Exercise input START

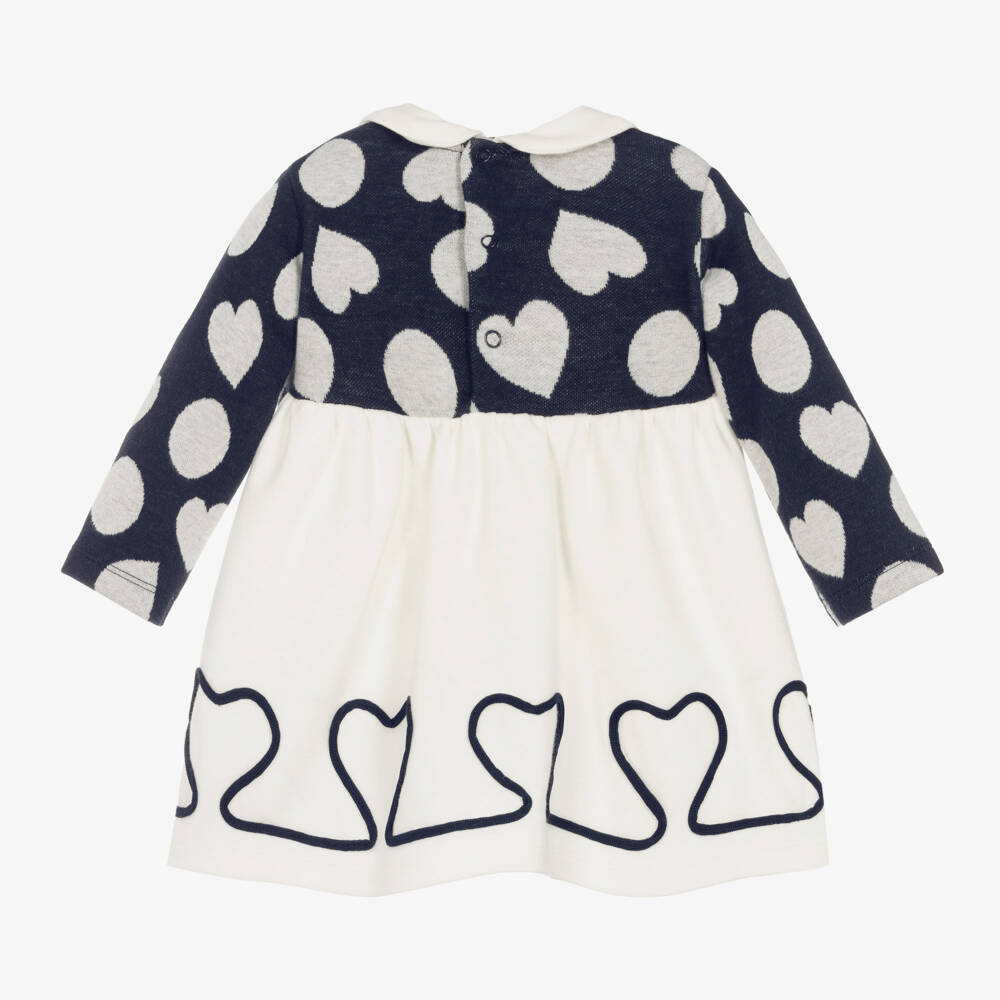 Everything Must Change-Girls Navy Heart Jersey Dress | Childrensalon Outlet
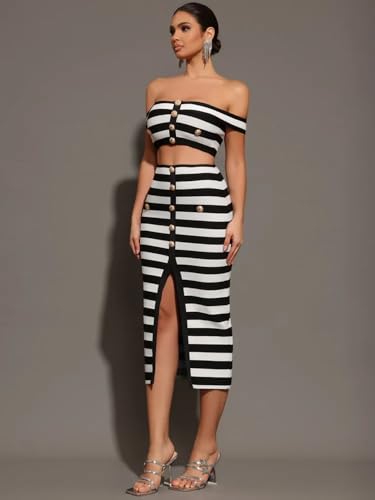 Women Stripe Off Shoulder Crop Top and High Waist Skirt Two Piece Sets Celebrity Evening Club Party Outfits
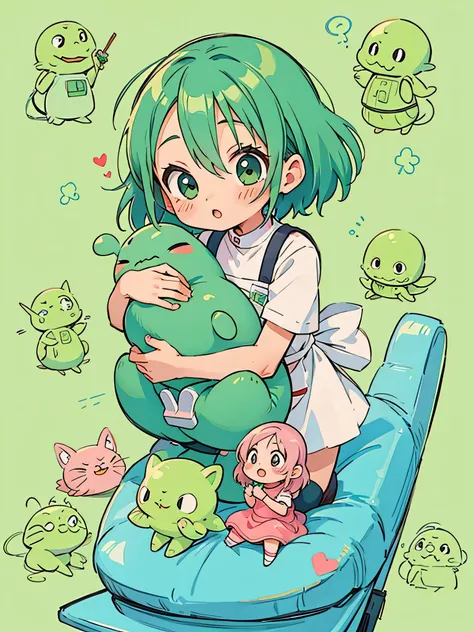 Akira Toriyama style, Kawaii Design, most beautiful girl ever、Chibi, hugging green alien、hospital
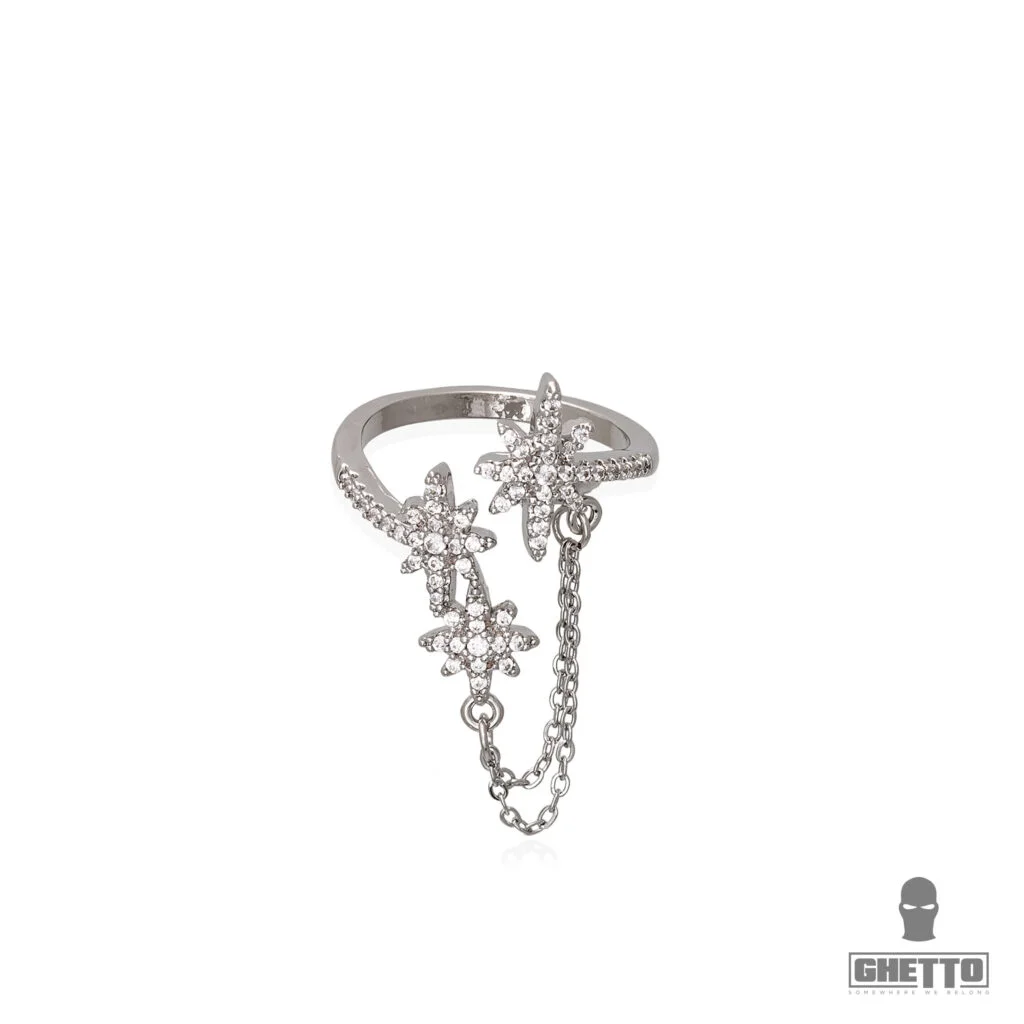 Φωτογραφία προϊόντος: Ghetto New Design Elegant Stars Chain Stainless Steel Ring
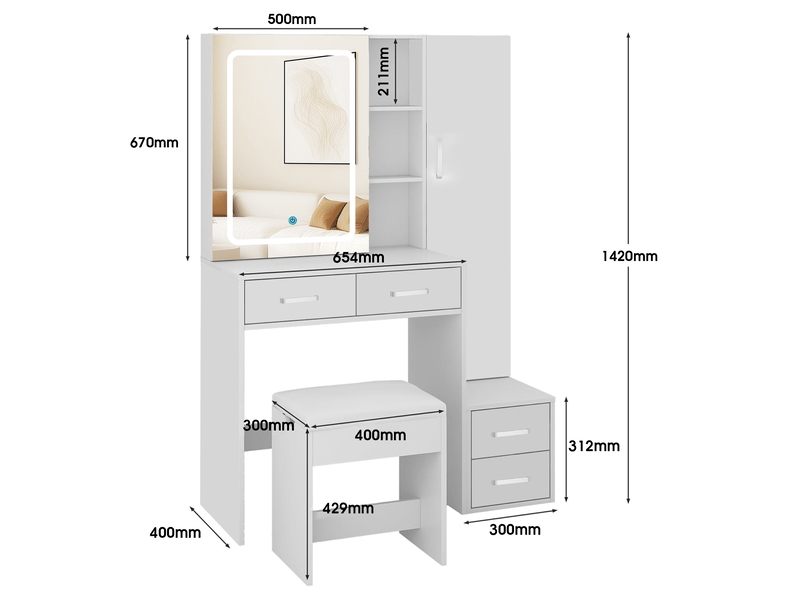  Blanc coiffeuse avec miroir led coulissant, meuble de maquillage avec 4 tiroirs et 1 armoire, table de toilette moderne avec tabouret  - Conforama C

Exercise input END

* _How to complete this task_: Leave out all pictures and extract exactly the lines from the line with "Φωτογραφία προϊόντος: Ghetto" through the end of the material.

* _Written response_:
 Φωτογραφία προϊόντος: Ghetto New Design Elegant Stars Chain Stainless Steel Ring
  Blanc coiffeuse avec miroir led coulissant, meuble de maquillage avec 4 tiroirs et 1 armoire, table de toilette moderne avec tabouret  - Conforama C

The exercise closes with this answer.